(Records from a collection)
____________
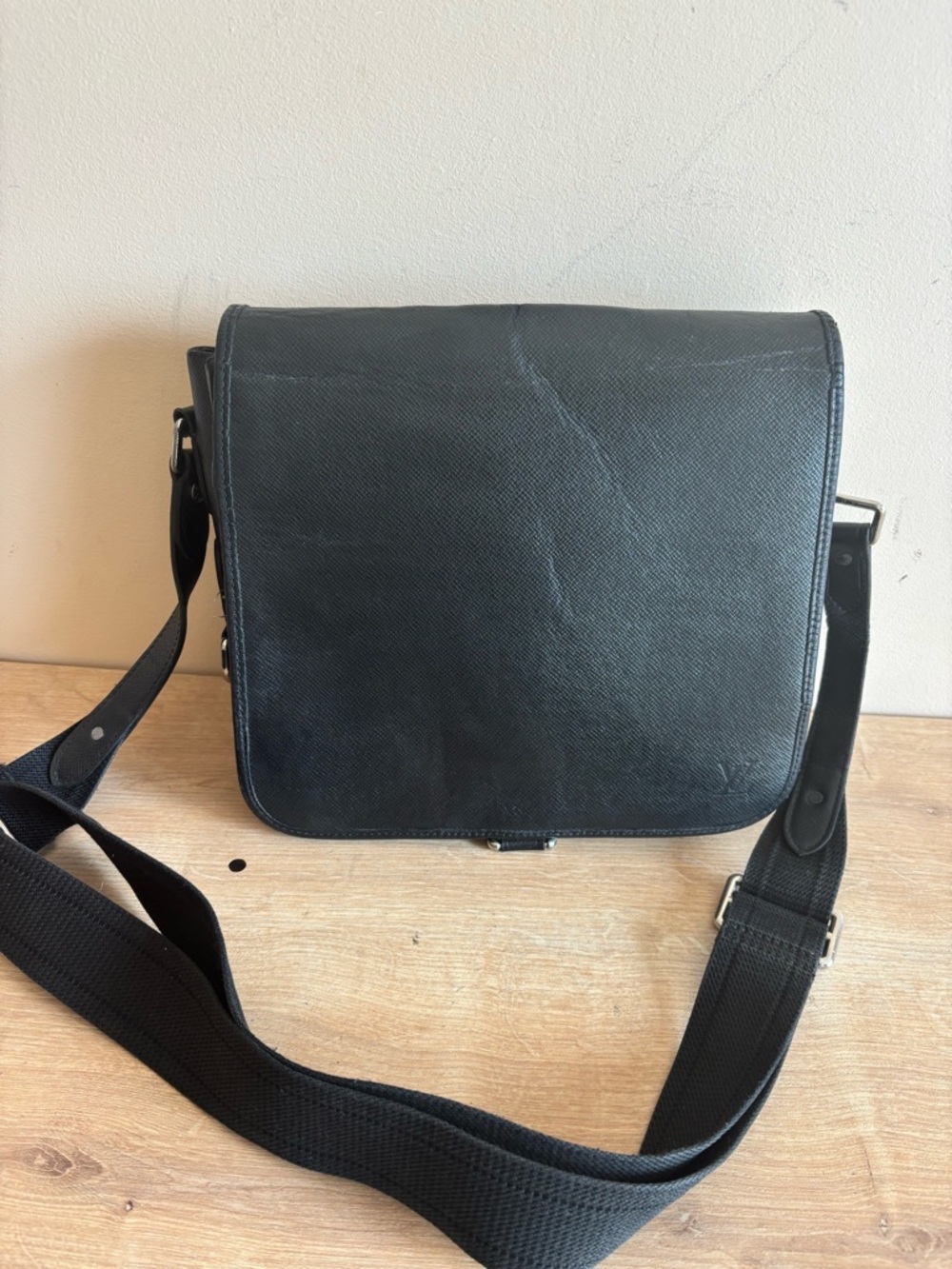 Authentic Louis Vuitton leather taiga crossbody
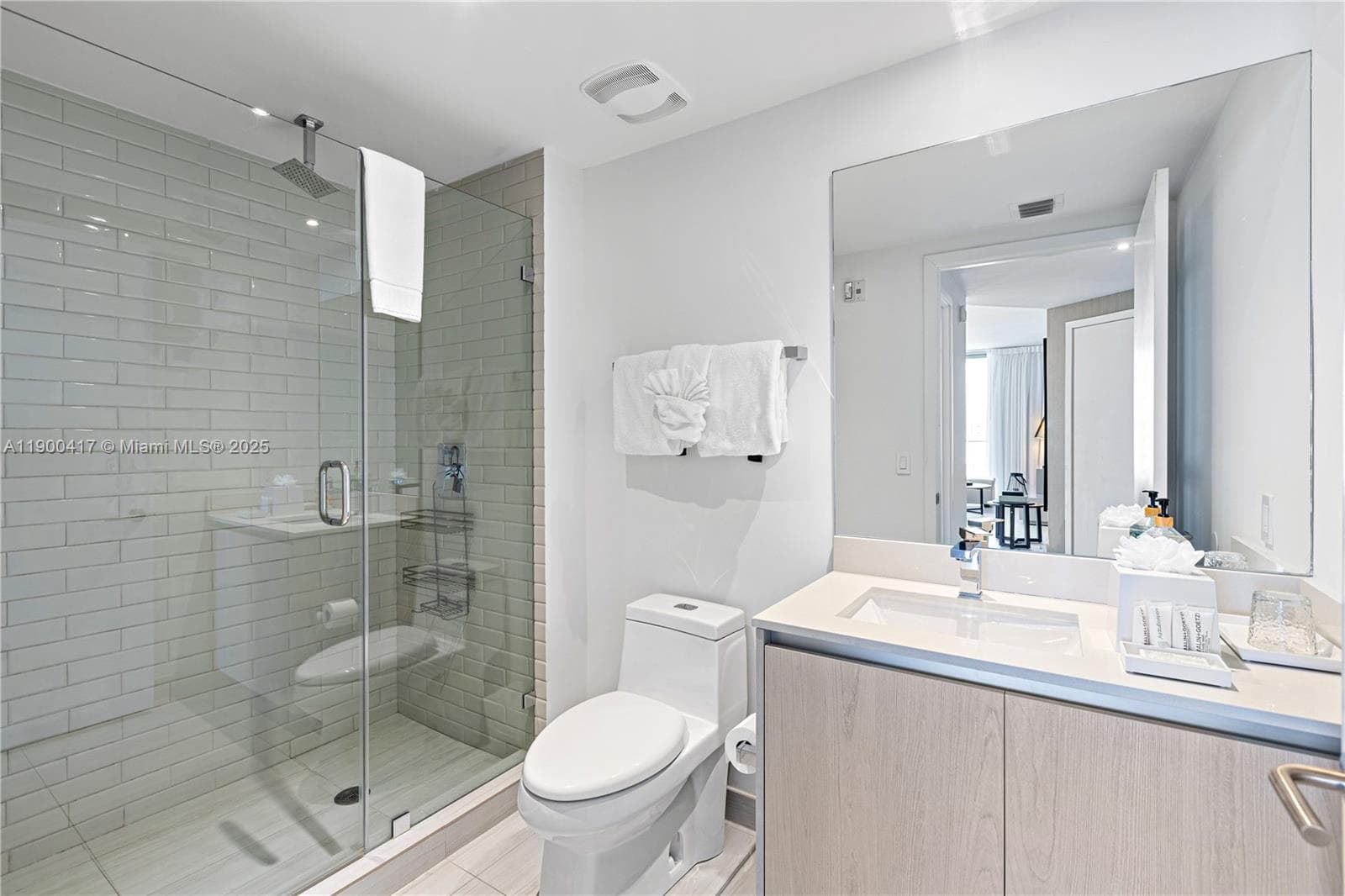 4010 S Ocean Dr R1701 photo 17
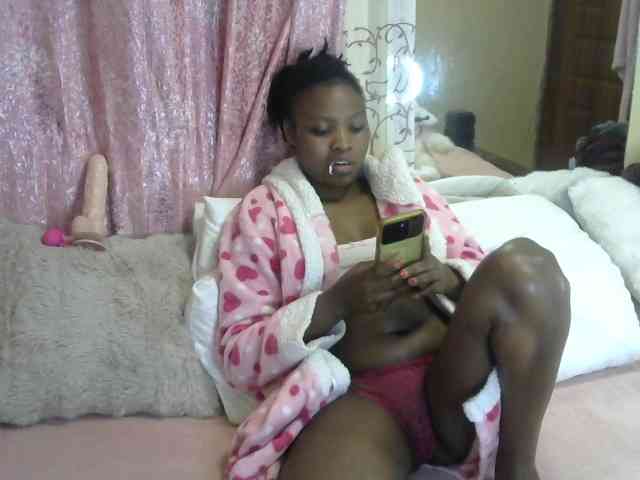 queen-ebony2 webcam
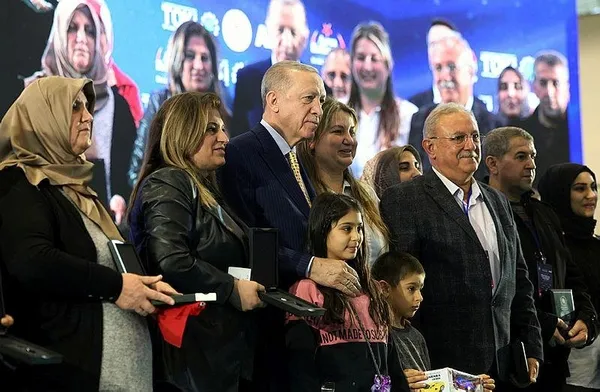 anahtarlar-bizzat-baskan-erdoganin-elinden-deprem-konutlari-hak-sahiplerine-teslim-edildi-hataya-2-yeni-hastan-1706976403835.jpeg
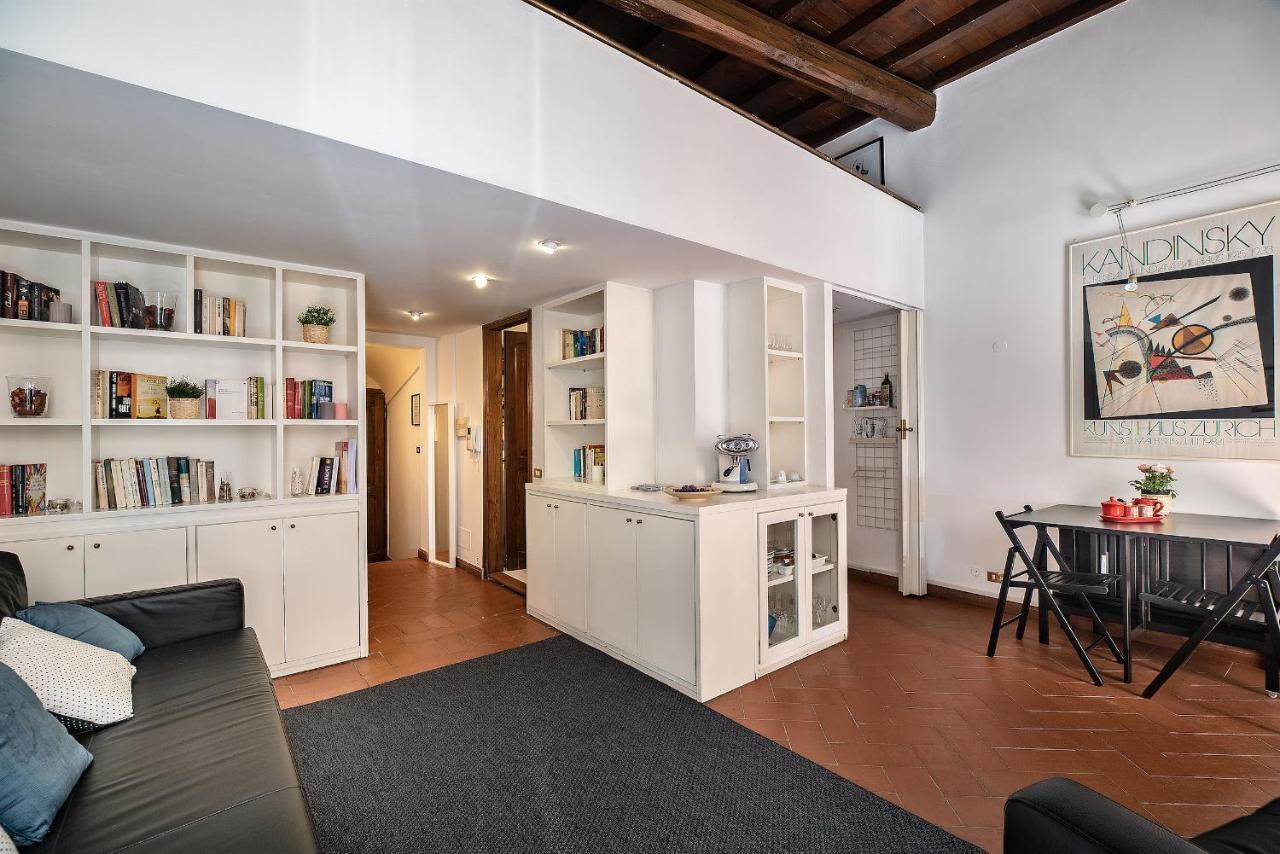 Appartamento Via Dei Baullari โรม ภายนอก รูปภาพ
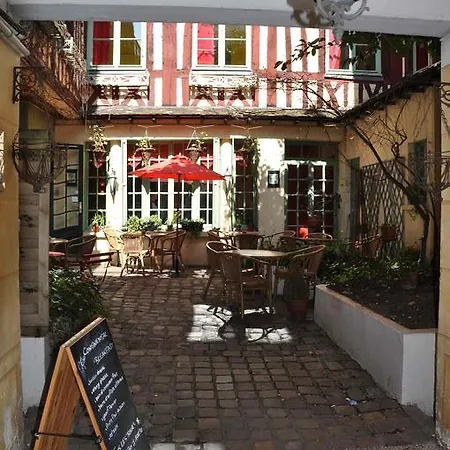 Le Vieux Carré Hotel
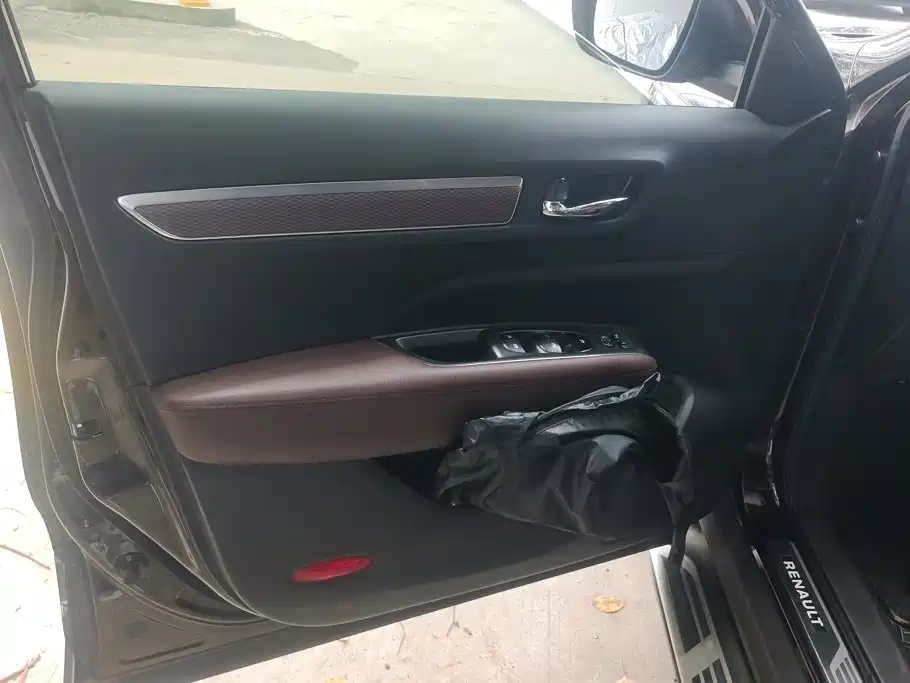 Renault Koleos 2018 2018 2.0L 2WD 120th Anniversary Limited Edition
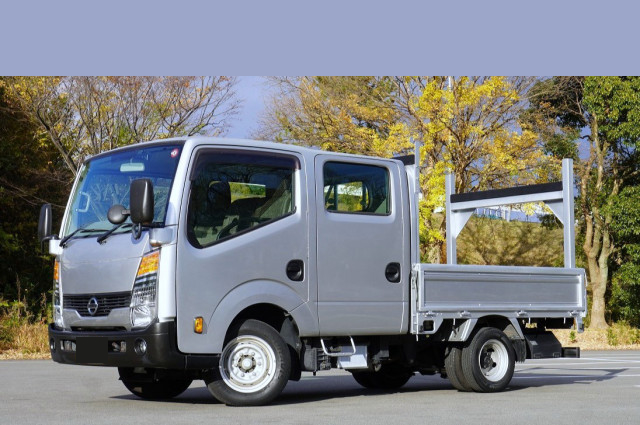 日産 アトラス 小型 平ボディ 10尺 TKG-SZ2F24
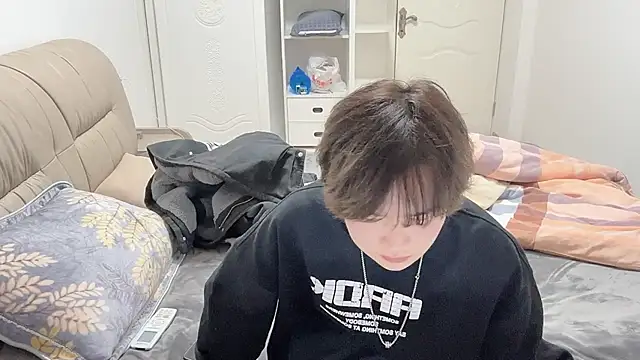 junnan001 online show from December 20, 2025, 3:19 pm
____________
**Exercise instructions**. Using the records above, output an exact copy without any pictures.

**Written response**.
 Authentic Louis Vuitton leather taiga crossbody
 4010 S Ocean Dr R1701 photo 17
 queen-ebony2 webcam
 anahtarlar-bizzat-baskan-erdoganin-elinden-deprem-konutlari-hak-sahiplerine-teslim-edildi-hataya-2-yeni-hastan-1706976403835.jpeg
 Appartamento Via Dei Baullari โรม ภายนอก รูปภาพ
 Le Vieux Carré Hotel
 Renault Koleos 2018 2018 2.0L 2WD 120th Anniversary Limited Edition
 日産 アトラス 小型 平ボディ 10尺 TKG-SZ2F24
 junnan001 online show from December 20, 2025, 3:19 pm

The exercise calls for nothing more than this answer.